John Clarke

Personal information
- Full name: John Leslie Clarke
- Date of birth: 23 October 1946
- Place of birth: Northampton, England
- Date of death: 1 January 2011 (aged 64)
- Place of death: Northampton, England
- Position(s): Defender

Senior career*
- Years: Team / Apps / (Gls)
- 1965–1975: Northampton Town / 233 / (1)

International career
- England Youth

= John Clarke (footballer, born 1946) =

English footballer

John Leslie Clarke (23 October 1946 – 1 January 2011) was an English professional footballer who played as a central defender. Clarke was a one-club man who played his entire career with his home-town club, Northampton Town.

==Career==
John "Nobby" Clarke won youth International honours for England in the early 1960s, before Northampton Town manager Dave Bowen signed him on in the summer of 1965 beating Leeds United to his signature.
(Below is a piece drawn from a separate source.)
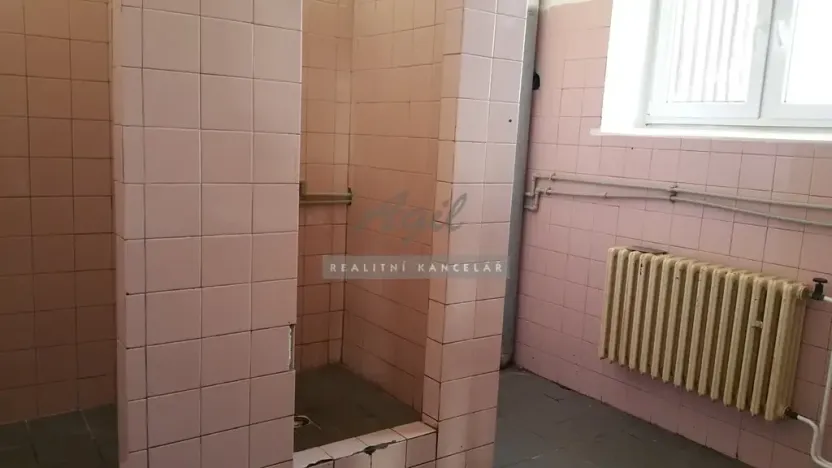 Pronájem výrobních prostor, Česká, 270 m2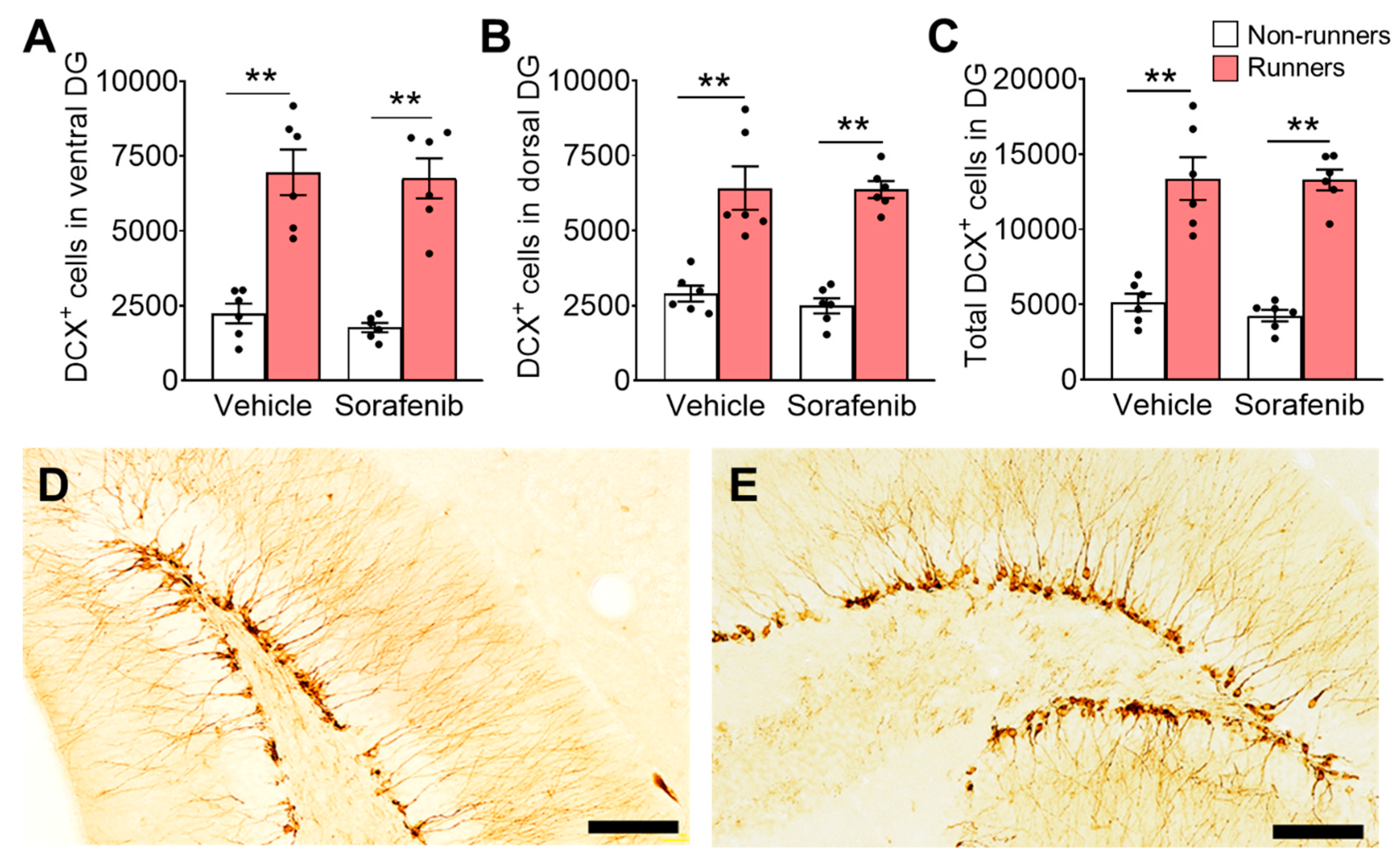 Ijerph 20 05371 g005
He played (and scored) in the side that lost 8–2 to Manchester United in 1970. Overall he made 262 league and cup appearances for the club, with his only goal coming in his penultimate season, when he scored against Barnsley. He retired due to injury in 1974 and was awarded a testimonial against Leicester City. Following his professional football career, Clarke took over as manager of British Timken's football team. He was also a talented cricketer a once turned out for the Northamptonshire Second XI.

==Death==
Clarke died in 2011 on New Year's Day after suffering a heart attack.